August 20, 1963, my mother and I went to the movie theater as we always did before I returned to college. Halfway through the film, a neighbor came to tell us that our house had been bombed. My heart was racing. I was filled with anxiety, fear, and anger. As we approached our house, outraged Blacks filled Center Street North. Police tried to control the crowd by firing guns is in the air. Windows had been blown out, drapes shredded, the garage doors destroyed. My dog Tasso had been killed in the bombing. I couldn’t stop crying. I grieved Tasso’s death for a long time.
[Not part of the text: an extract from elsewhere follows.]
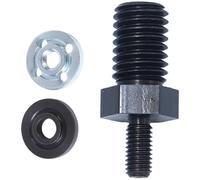 Tige d ' extension d ' arbre d ' adaptateur de meuleuse miniature de 3 pouces en acier carbone, poignée sécurisée adaptée réglages d ' angle complexes Extension d ' adaptateur de meuleuse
![Barbara Shores](https://kidsinbirmingham1963.org/wp-content/uploads/2024/12/Barbara-Shores-Pic2_IMG_0214.jpg)
Barbara Shores
Barbara Sylvia Shores was born in Birmingham, Alabama, to Arthur and Theodora Shores. She is the mother of adult twins. Barbara has retired from her position as Executive Director of the Jefferson County Office of Senior Citizens Services. She graduated from the University of Illinois in 1968 with her Masters in Social Work. Barbara is a member of the First Congregational Christian Church, Birmingham, Alabama.
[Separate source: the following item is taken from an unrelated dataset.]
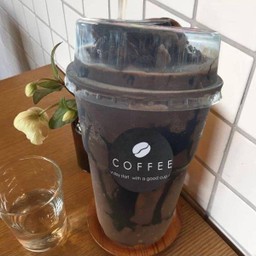 นมหมีปั่นโกโก้ลาวา  (ขนาดแก้ว 22oz.)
Barbara’s father, Arthur Shores, was a prominent civil rights attorney during the 1960s in Birmingham. Due to his work, he was frequently targeted by the Ku Klux Klan, a terrorist group responsible for many of the bombings in Birmingham. Barbara barely survived a kidnapping attempt, and the family experienced two bombings of their home by the KKK, as she recounts in this story. The family’s home was in the Smithfield neighborhood of Birmingham, the scene of some 50 unsolved bombings between 1948 and 1963, meant to prevent Blacks from purchasing homes along Center Street, the dividing line between traditionally Black and white neighborhoods. The neighborhood earned the nickname “Dynamite Hill.”
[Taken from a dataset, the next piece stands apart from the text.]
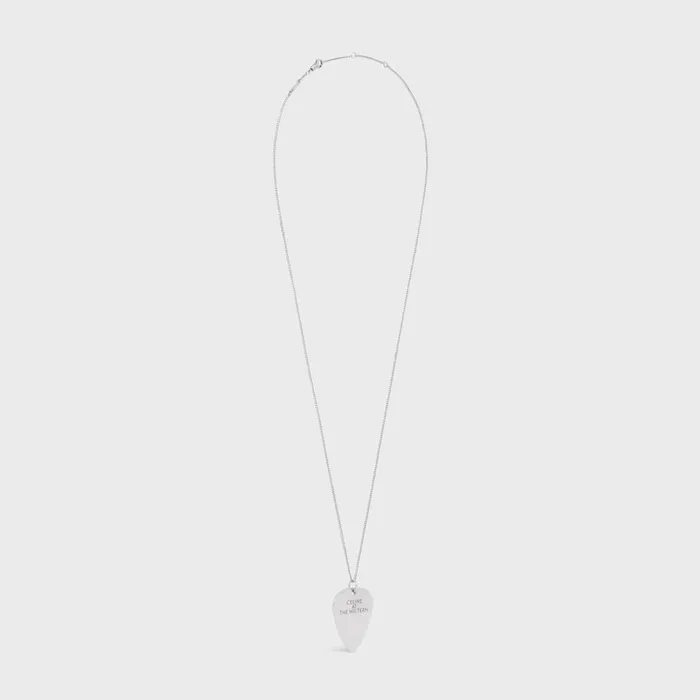 Celine Necklaces Celine At The Wiltern Mediator Necklace In Brass With Rhodium Finish 8211 Silver 8211 Men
In 2012, Barbara S. Shores and her sister Helen Shores Lee coauthored a book about their father, The Gentle Giant of Dynamite Hill: The Untold Story of Arthur Shores and His Family’s Fight for Civil Rights.
In 2022, Barbara Shores and Marjorie White coauthored a book for the Birmingham Historical Society, Birmingham’s Dynamite Hill.
Ms. Shores lives in Birmingham, in her childhood home.